Mitte is the centre of the old East and that's where we stayed in the excellent Novotel. Great for breakfasts - and handy for more or less everything - trust me on that one. Our short first night was spent trying to find the quaint Nicolaiveirtel, a small part of the former East German capital, renovated by the DDR in its dog days - mostly in concrete - but you can hardly tell. The building works didn't help either, nor did a sign that pointed to its direction the wrong way. They are wags these Berliners. The huge former Palace of the DDR, riddled with asbestos, is now a giant hole in the ground which seemed to block our every way, but eventually we stumbled on a neat little pub with excellent food and a very snooty attitude. We'd been there before with others a few years ago and it was the same then, but the Radeburger- the drink of the DDR politburo - didn't touch the sides and the portions were mighty, even if the craic wasn't. The next day, when the pouring rain eased, we found our goal a mere five minutes walk away. It's easy when you know how.

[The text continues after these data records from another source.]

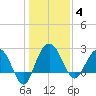 Richmond Plantation tide chart for Sunday, January 4, 2026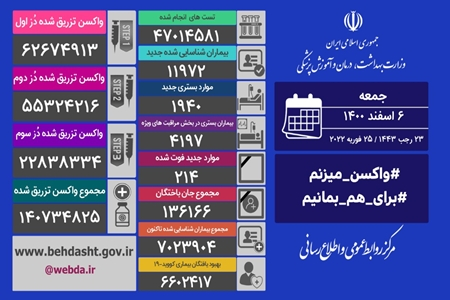 جان باختن 214 بیمار کرونایی / قربانیان کمتر از دیروز 2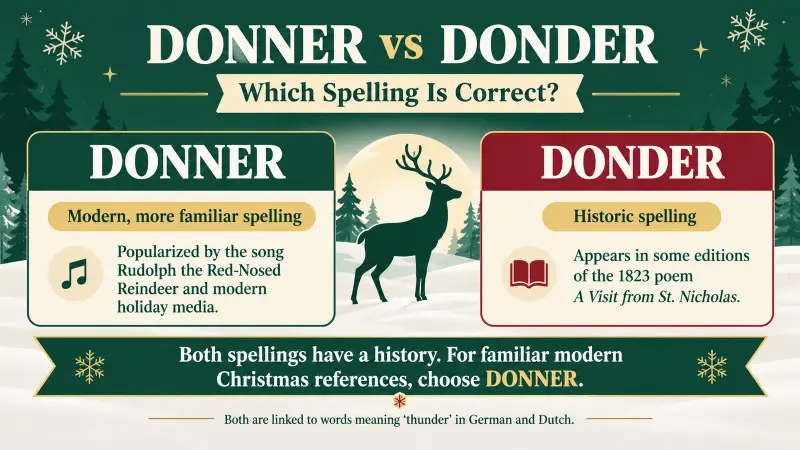 Donner or Donder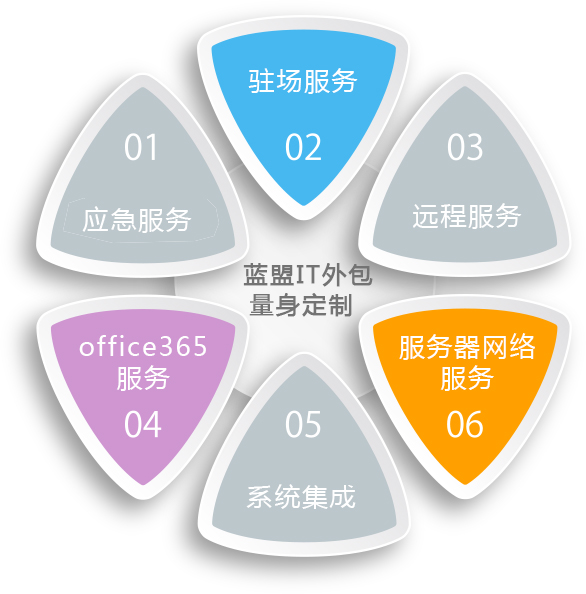 源碼中國(guó)全球it外包新原點(diǎn)_it外包公司_it服務(wù)外包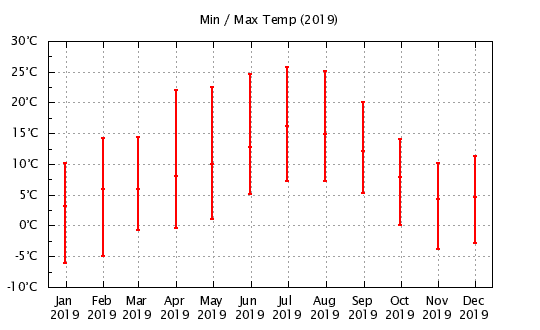 2019 - Min/Max Monthly Temps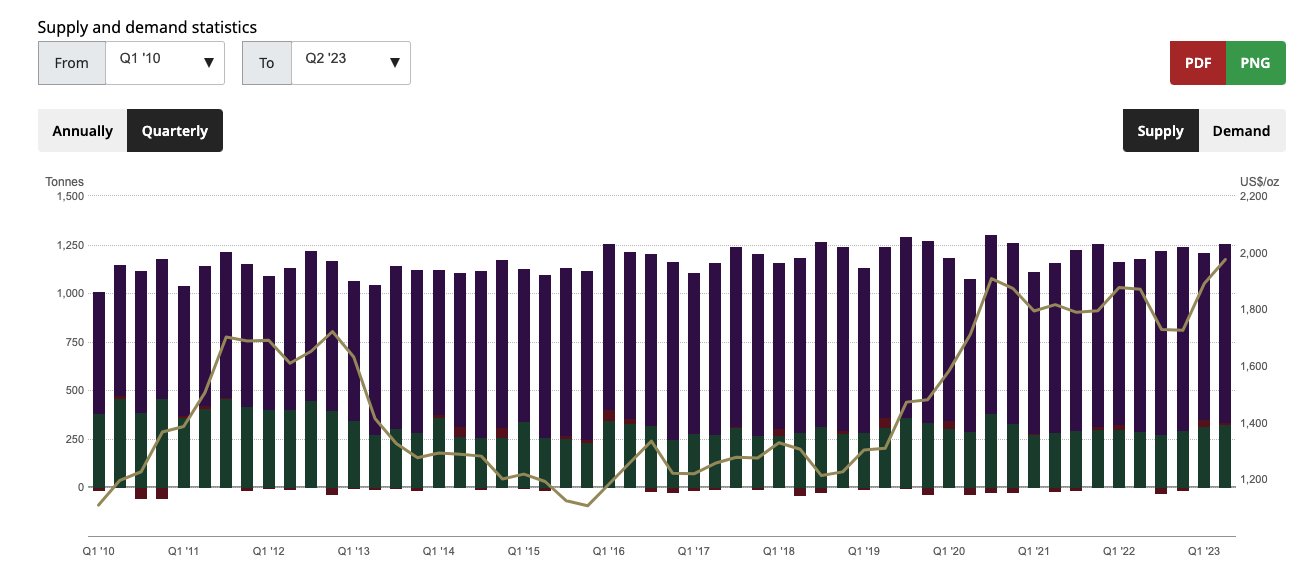 Gold ETFs supply and demand statistics from Q1 2010 to Q2 2023 bar graph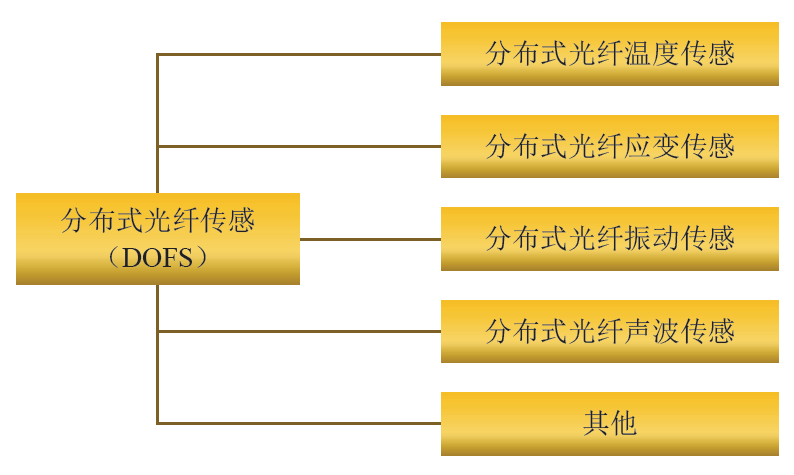 尊龙人生就是博ag旗舰厅(中国)官方网站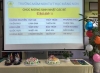 Chúc mừng sinh nhật các Bé tháng 11/2017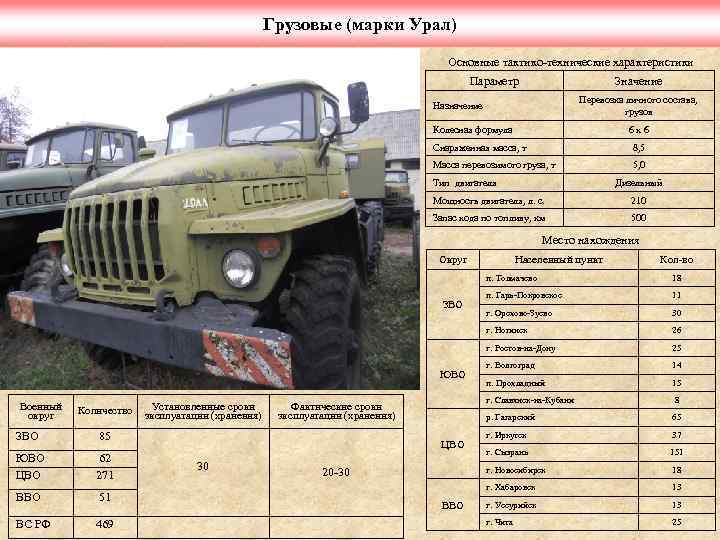 Грузовые (марки Урал) Основные тактико-технические характеристики Параметр Значение Перевозка личного состава, грузов Назначение Колесная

Determined to do better we headed for Brauhaus Mitte. Now I knew where that was and felt confident. It is more or less opposite the Fernsehturm, the huge former DDR TV tower which dominates Berlin. Well we found the tower OK - you could hardly miss it - and after only a little swearing and cursing, found Brauhaus Mitte. We sat outside, just as it started to rain again and enjoyed a flight of samplers. Nothing that special, but competent enough. A recurring theme.  We took our bearings and planned our day. It was a simple plan, therefore one I felt capable of executing. We were going to the Berlin Beer Festival. That's simple.  And so it proved. A quick shimmy round the Fernsehturm, along Alexanderstrasse and we were there. Karl-Marx Allee.  Now just a touch more history here for you.  Karl-Marx Allee started out as Stalin Allee, though of course in an even earlier incarnation, it was Grosse Frankfurter Strasse.  It arose from the rubble of the Second World War bombing and was perhaps the DDR's most ambitious building project. It is grandly stupendous in an insane sort of way.  Actually it is rather handsome. And why go there? It is where they hold Berlin Beer Festival.

Most of the 2km stretch of Karl-Marx Allee is used for the festival. Not in the middle of the road, but on one side. There is plenty of room, as the whole thing is nearly 90 metres wide.  Stand after stand for the whole stretch is filled with individual breweries beer offerings.  Any brewery who is noteworthy seems to be there and you simply start at the beginning - either end will do - and work your way along. Almost all the beer is German as you'd expect, though there was a bit of British, Czech and Belgian.  There  was even some Russian stuff and other oddities.  I'll tell you later about that in part 2.

To finish part one though, I'll tell you how it all works.  You can buy a festival glass for a few euros and wander around and have that filled, or just get a brewery glass from whatever stand you fancy and pay a deposit on that glass.  You have to take the glass back to the stand you got it from to get your money back - or you can keep it.  And despite the thousands of people, it is real glass. No plastic here. Most stands have a few benches where you can watch the world go by as you oil your neck.  Of course this being Germany, you won't go short of vittals.  Every few metres there is a bratwurst stall, a pizza stall, various chunky meat stalls, roast chickens, hamburgers, fried potatoes and more. You will be entertained by Bavarian Oompah bands, singers, heavy metal and rock, Beatles song singers (lots of that) and cheery German equivalents of Val Doonican, while all the while, elderly couples and old ladies dance away to Deutsche Blasmusik.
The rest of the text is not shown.